• [Exercise]
For this exercise, repeat exactly the lines below starting at the line holding "Watch - Picture 2 of 3" and ending at the line holding "Volvo XC40 P8", both included, with no extra lines and no pictures.

• [Data excerpts]

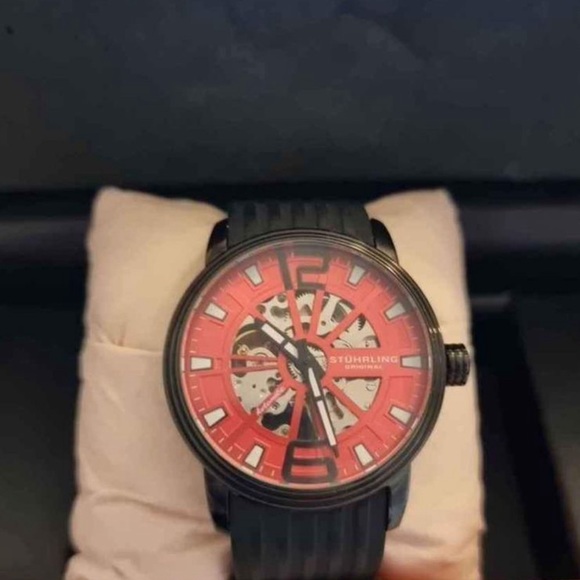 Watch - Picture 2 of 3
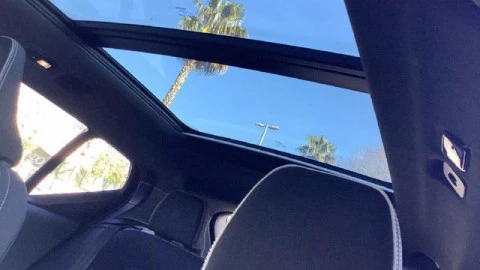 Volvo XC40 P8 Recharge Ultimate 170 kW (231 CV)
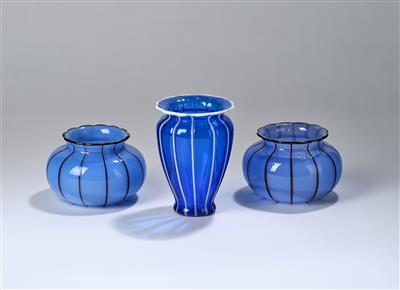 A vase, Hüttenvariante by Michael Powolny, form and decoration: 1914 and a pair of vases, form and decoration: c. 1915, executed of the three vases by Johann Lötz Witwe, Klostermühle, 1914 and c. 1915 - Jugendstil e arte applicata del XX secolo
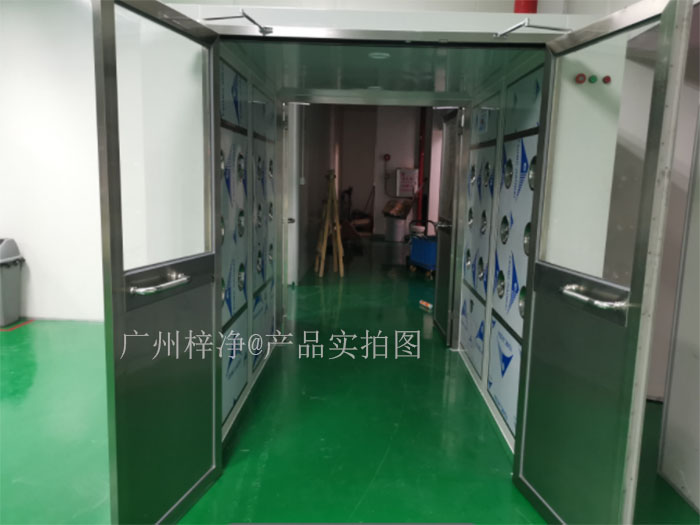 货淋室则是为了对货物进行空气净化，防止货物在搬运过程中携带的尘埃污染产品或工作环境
--
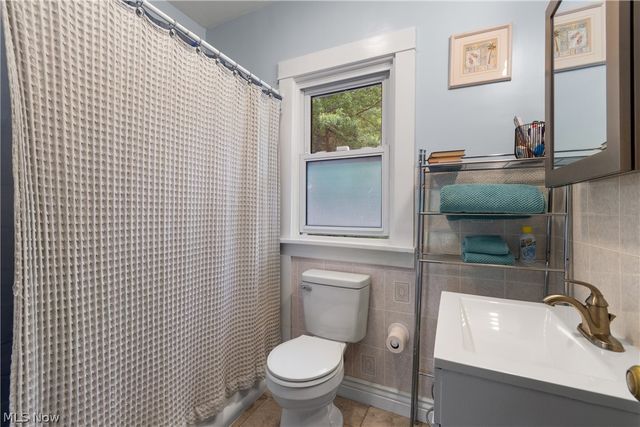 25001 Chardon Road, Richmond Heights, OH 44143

• [Task result]
 Watch - Picture 2 of 3
 Volvo XC40 P8 Recharge Ultimate 170 kW (231 CV)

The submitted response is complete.